写真家の杉本博司氏のことは、最近まで全く知りませんでした。彼の代表作の一つである「海景」シリーズの中の一点を何処かで観たのが、最初の接点だったと思います。ただ、その時は全く興味の欄外で単なる海の写真として、何の変哲もない、何も感じない写真として通り過ぎてしまったような気がします。
昨年、森美術館で開催された「シンプルなかたち展」に彼の作品が一点出展されており、何故かその海の映像に引き込まれてしまいました。単なる大きな海と地平線と空がモノクロ写真で写されているだけなのに、なんなんだろう?・・この不思議な感覚は?・・と、いつまでも記憶の片隅に引っかかっているのです。
そんな折、原田マハの「異邦人」の、主人公の寝室にあるのがアンセル・アダムスのヨセミテ(多分)の写真と杉本博司の「海景」がさり気なく飾られているくだりに触れたとき、その寝室のしっとりとした光景が目に浮かび、そのような寝室も素敵だな・・との思いをつよくしたものでした。
今回の「ロスト・ヒューマン展」には彼の作品は余り無く、人類と文明の終焉という壮大なテーマの下、様々なインスピレーションを掻き立てるインスタレーションが33のシナリオと共に展示されているのです。

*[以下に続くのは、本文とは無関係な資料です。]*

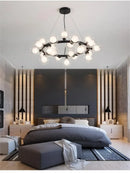 GobekUsa Contemporary Black and Gold Chandelier - White Glass Ball
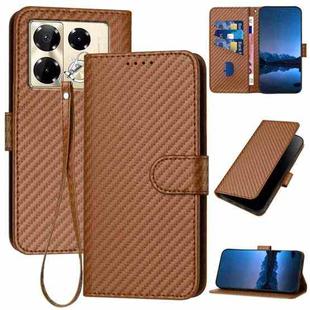 For Infinix Note 40 Pro 4G / 5G YX0070 Carbon Fiber Buckle Leather Phone Case with Lanyard(Coffee)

この展示会を観ただけでは、彼の思いと人となりが理解できませんでしたので会場で上映されていたビデオ「はじまりの記憶」を購入して家でじっくり見て、初めて彼の生い立ちを踏まえた考えと今回の展示会の目的が理解出来ました。
私のようなものには、やはり作品だけでなく作者の考えや生い立ち等の知識がないと中々理解できないことが多々あるアートなのでありました。